Job Description
Research Engineer – Benchmarking, Evals & Failure Analysis
Location: San Francisco
Company Stage: Late-Stage / Series C (AI / Applied ML)
Office Type: Onsite (5 Days a Week)
Salary: $130,000 – $400,000 + Equity
This fast-growing AI company is operating at the forefront of applied machine learning and labor transformation. By partnering with leading AI labs and enterprises, they are building systems that combine human expertise with cutting-edge AI to improve model performance and unlock new categories of work.
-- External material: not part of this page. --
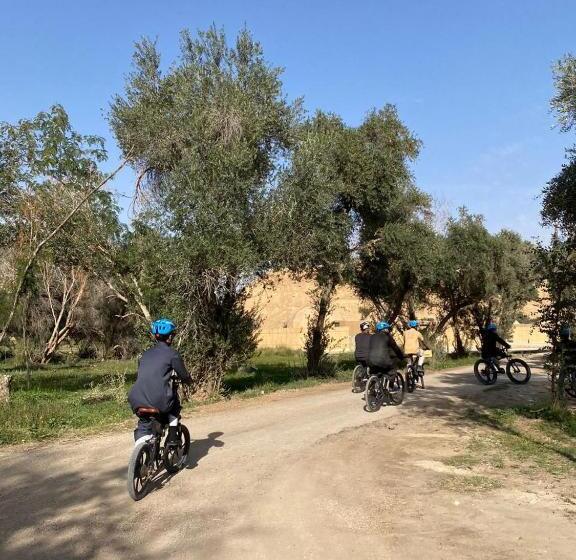 منتجع جلامبنغ   Glamping Resort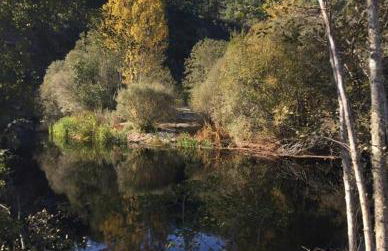 Casa do Outro Mundo - Foto 60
With strong revenue, scale, and backing from top-tier investors, they are shaping how frontier models are trained, evaluated, and deployed in real-world environments.
What You Will Do
- Design and implement benchmarking systems to evaluate model capabilities such as tool use, reasoning, and agent behavior
- Build and operate end-to-end evaluation pipelines, including scoring systems, dashboards, and reporting infrastructure
- Conduct systematic failure analysis on model outputs, identifying key failure modes and translating them into actionable improvements
- Develop rubrics, evaluators, and scoring frameworks that balance rigor with scalability (human + automated evaluation)
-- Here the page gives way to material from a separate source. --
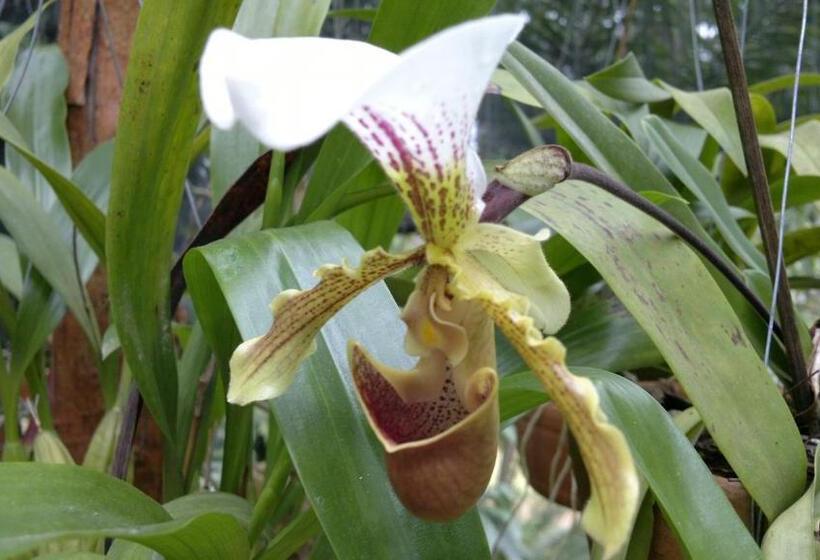 פנסיון Ecopousada Serra Verde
- Partner with research and applied AI teams to align evaluation systems with training and product goals
- Analyze data quality and performance trends to inform model training, data generation, and post-training strategies
- Own evaluation and benchmarking systems in a fast-paced, high-iteration environment
Ideal Background
- Strong applied AI or ML engineering experience, particularly in model evaluation, benchmarking, or failure analysis
- Hands-on experience building or running LLM evaluation systems, benchmarks, or experimentation pipelines
- Strong coding ability (Python or similar) with experience building production-quality systems
- Solid understanding of data structures, algorithms, and backend systems
- Experience working with APIs, databases (SQL/NoSQL), and cloud infrastructure
- Ability to reason deeply about model behavior, experimental results, and system performance
- Comfortable operating in ambiguous, high-ownership environments with rapid iteration cycles
Preferred
- Experience working on post-training, RL, or evaluation teams at AI labs or AI-first companies
- Familiarity with LLM evaluation techniques, benchmarking frameworks, or agent evaluation systems
- Experience with synthetic data generation, rubric design, or reward modeling workflows
- Publications or research experience in ML, especially in evaluation or benchmarking
- Exposure to large-scale experimentation systems or model performance tracking infrastructure
Compensation and Benefits
- Competitive base salary ($130K – $500K) + meaningful equity
- Relocation and housing support available
- Monthly meal stipend and premium wellness perks (e.g., fitness membership)
- Comprehensive health insurance
- Opportunity to work directly with frontier AI labs and influence model development at the cutting edge
This is a high-impact role at the intersection of engineering and applied AI research, ideal for candidates excited about defining how next-generation models are evaluated, improved, and deployed at scale.